How can this help government data? Michael Dalton from the Bureau of Labor Statistics talked about how he was able to use data from Career Builder to help validate the BLS’s Job Openings and Labor Turnover Summary (JOLTS), which makes plenty of sense. One can imagine that aggregated data from payroll provider could be invaluable. But if the company sees the value in the data, they may no longer make it publicly available. And one of the goals of using this data is to save money, not spend more.
Public Administrative Data
It seems that at every conference we attend, the Census Bureau has a session on their attempts to increase survey response rates (sometimes it’s as simple as changing the font on the envelope). In a slight twist on that, this conference had a session on the Census’s attempts to increase trust in the Census and alleviate concerns about privacy.

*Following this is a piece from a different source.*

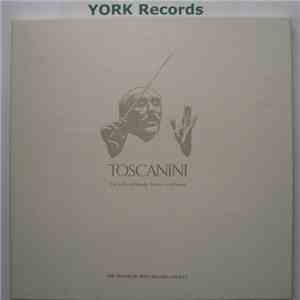 Arturo Toscanini - Official Family Archive Collection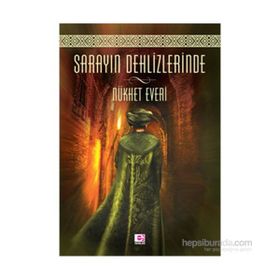 Sarayın Dehlizlerinde - Nükhet Everi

A central problem the Census faces is non-responses. Historically, if a household doesn’t respond to the Census, someone is sent to knock on their door. If no one answers, they might talk to a neighbor, and find out how many people live in the non-responder’s house. It turns out, some people find this creepy!
As an alternative, the Census could use administrative data, such as the aforementioned HUD/USPS vacancy data, or Social Security address data, to get information about non-responders. Is that less creepy? The Census did their own surveys (as you’d expect) and conducted some focus groups, and found that by and large, the public already expects that different government entities share data, and so people didn’t have a problem with this. Unfortunately, it also meant they might be less apt to share data with the Census, because they think it might get shared with, say, the Department of Homeland Security, or the IRS. (It doesn’t.) As usual, the specific wording often plays a big role in people’s attitudes towards what the Census does.
But it’s not always easy for different government agencies to share data. The Bureau of Economic Analysis wanted to use Census data to help their calculations of the GDP, and ran into all kinds of roadblocks. The Census Bureau and BEA are part of the same government agency (the Commerce Department). As of this year, they work in the same building. As Nancy Potok put it, “That’s at the far end of the ridiculous spectrum.”
Hearing all this talk about administrative data was interesting after my visit earlier this year to the ACS Data Users Conference. There, the talk was about how administrative data was a fad, and the real solutions were going to come through better use of survey data. It makes sense, though, that a conference devoted to survey data might be skeptical of other data. But it definitely drives home the sense that there are multiple perspectives on this.
One of the points made by various speakers is that use of administrative data is in its infancy. With survey data, we have decades of standards and methodologies around margins of error, sample sizes, etc. Little of that exists with administrative data, so far. We’ll see at next year’s APDU conference how far along its coming.